Eine Weile schaut sich Stefanie weiter auf dem Hof um, bis sie auf ihrer Armbanduhr bemerkt, wie schnell die Zeit vergangen ist.

„Ich denke, wir sollten gehen. Jakob, kommst du?“

„Sie dürfen gerne jederzeit wieder vorbeischauen. Tiere können etwas in Kindern wecken, was Erwachsene nie verstehen werden.“

An den leuchtenden Augen des Bauern und dem Lächeln in seinem staubigen Gesicht erkennt man, dass er sich wirklich über ein Wiedersehen freuen würde.

Jakob steht noch vor einer Kuh, die gemütlich ihr Heu genießt. „Diese Kuh heißt Gerda und ich mag sie besonders gerne“, erzählt der Bauer fröhlich. Jakob formt mit seinen Lippen etwas, als wollte er Muh sagen, dann geht er auf seine Mutter zu. Vielleicht bildet sie es sich ein, aber der Mundwinkel ihres Sohnes könnte zucken, als ob er ihr ein Lächeln schenken will. Glücklich darüber spaziert Stefanie mit Jakob nach Hause.

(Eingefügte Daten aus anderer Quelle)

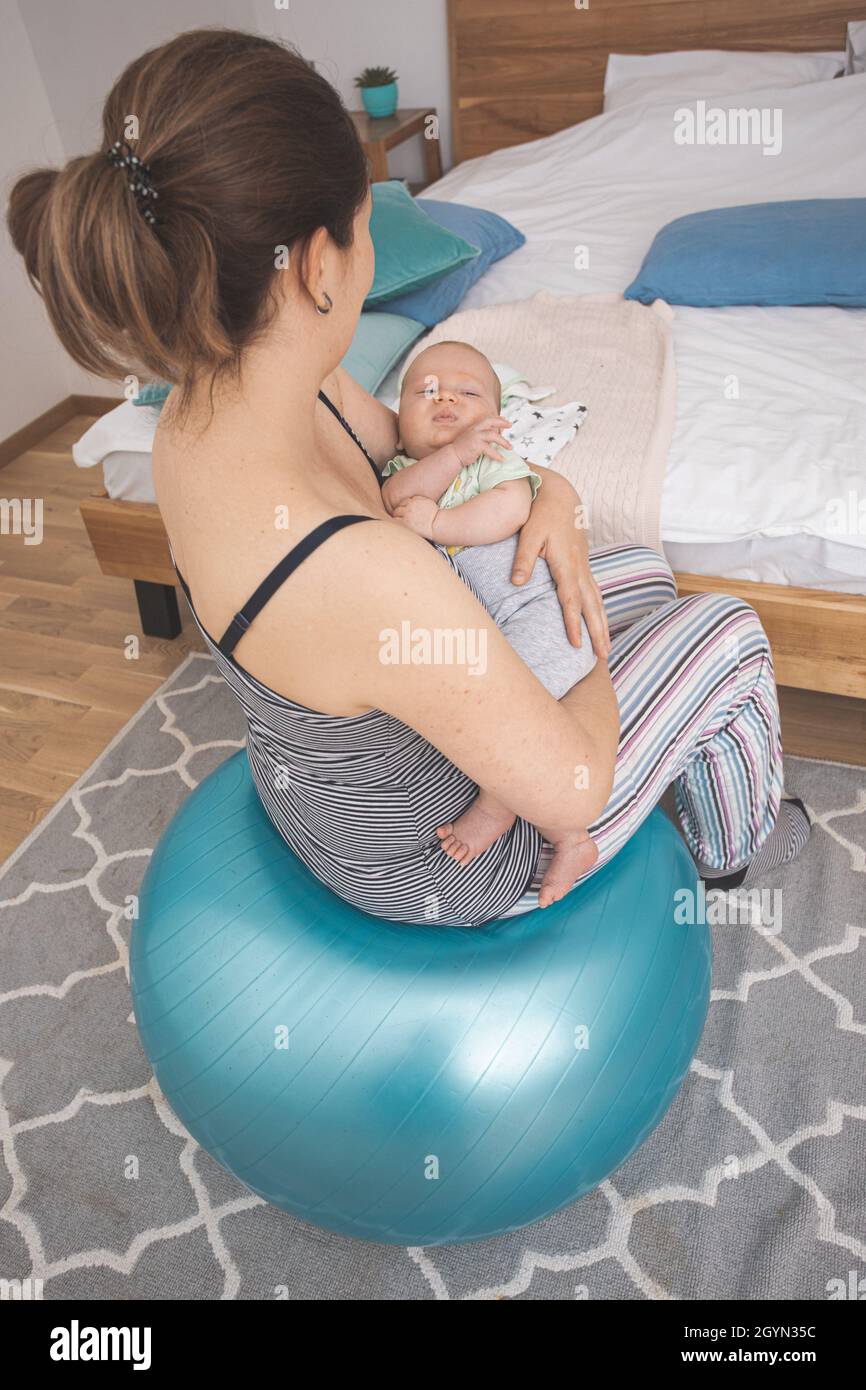 Mother holding and rocking baby sitting on fitball Stock Photo - Alamy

„Hat es dir bei den Kühen gefallen?“, will sie schließlich wissen.

„Muh.“

„Was hast du gerade…?“ Fassungslos starrt Stefanie ihr Kind an. Dann nimmt sie Jakob in ihre Arme und wirbelt ihn durch die Luft vor Freude. Sie lacht und erwartet, Jakob würde mit ihr Lachen, aber ein Ton muss ihr für heute reichen. Wie sehr man sich über einen Tierlaut freuen kann.